━━ Information

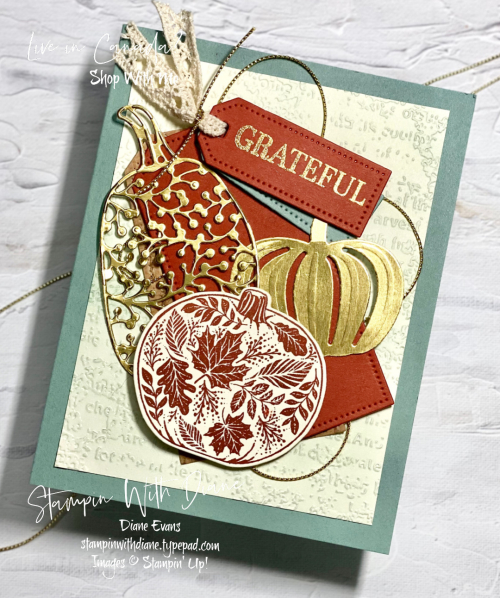 Pretty Pumpkins Stampin' Up card Pretty Pumpkins Stampin' Up card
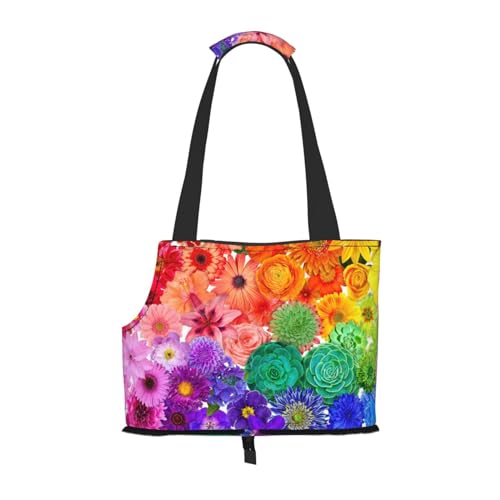 Hundetragetasche für kleine Hunde und Katzen, regenbogenfarben, mit großen Taschen, für Reisen im Freien Hundetragetasche für kleine Hunde und Katzen, regenbogenfarben, mit großen Taschen, für Reisen im Freien von KoNsev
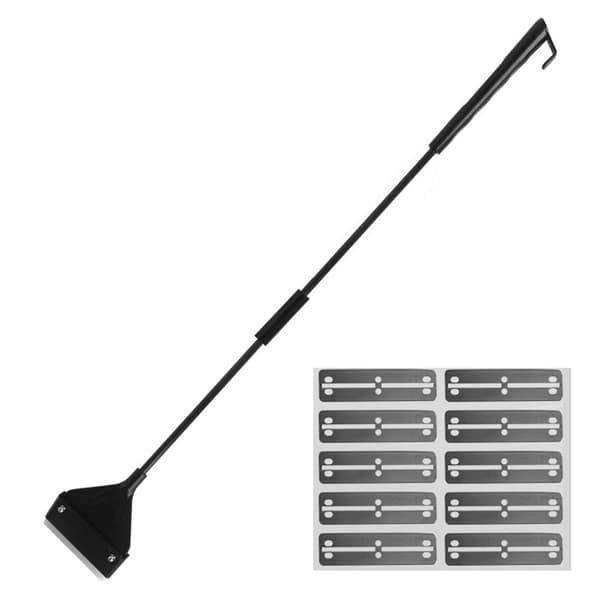Algskrapa - Algskrapa i rostfritt stål för akvarierengöring, 62 cm lång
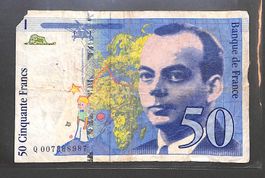 50 Französische Francs Banknote Banque de France 1993 🇫🇷💶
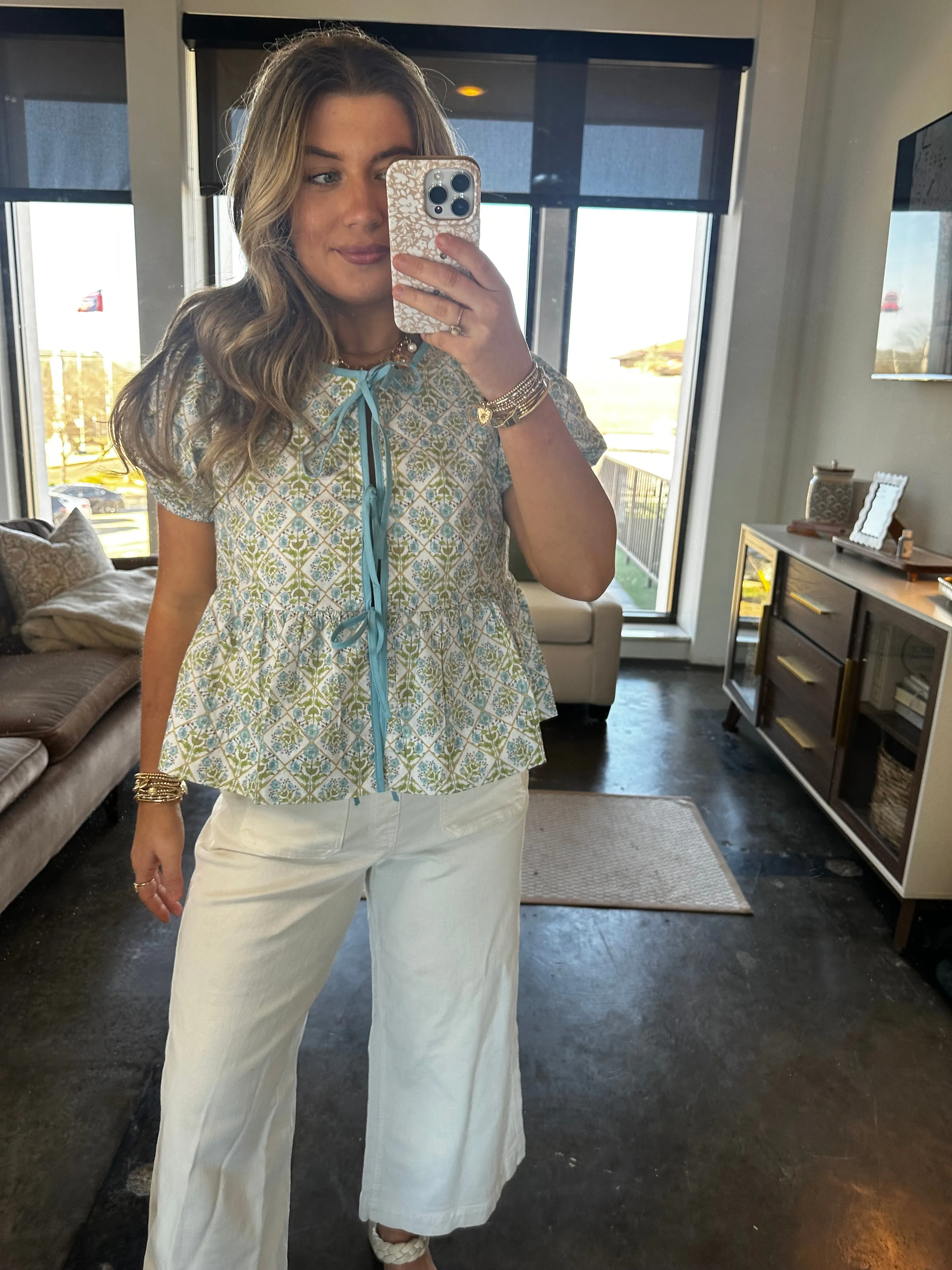 Margot Tie Top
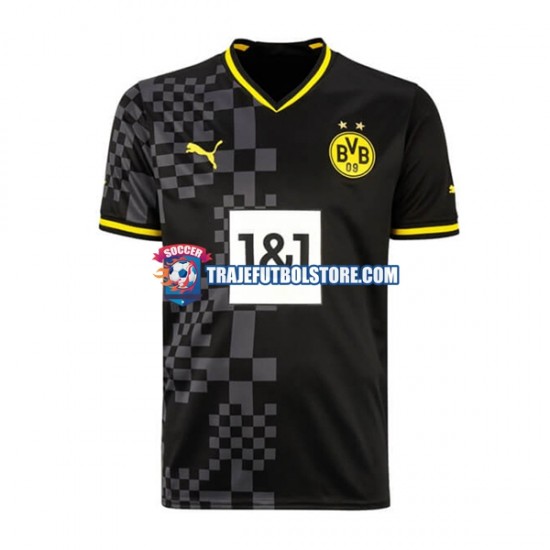 Camiseta 2ª Borussia Dortmund Hombre 2022-2023 Manga Corta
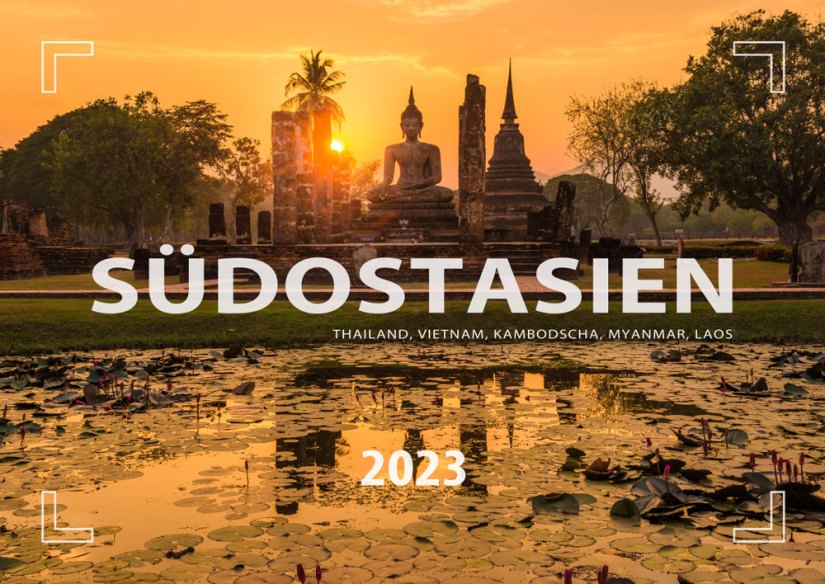Kalender 2023 Südostasien mit Thailand, Vietnam, Myanmar, Kambodscha und Laos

━━━━

Your objective :: In the records above, find the line with "Freien von KoNsev" and the line with "Margot Tie Top"; please transcribe exactly those two lines and all lines between them, omitting any picture.

Answer section ::
 Hundetragetasche für kleine Hunde und Katzen, regenbogenfarben, mit großen Taschen, für Reisen im Freien Hundetragetasche für kleine Hunde und Katzen, regenbogenfarben, mit großen Taschen, für Reisen im Freien von KoNsev
Algskrapa - Algskrapa i rostfritt stål för akvarierengöring, 62 cm lång
 50 Französische Francs Banknote Banque de France 1993 🇫🇷💶
 Margot Tie Top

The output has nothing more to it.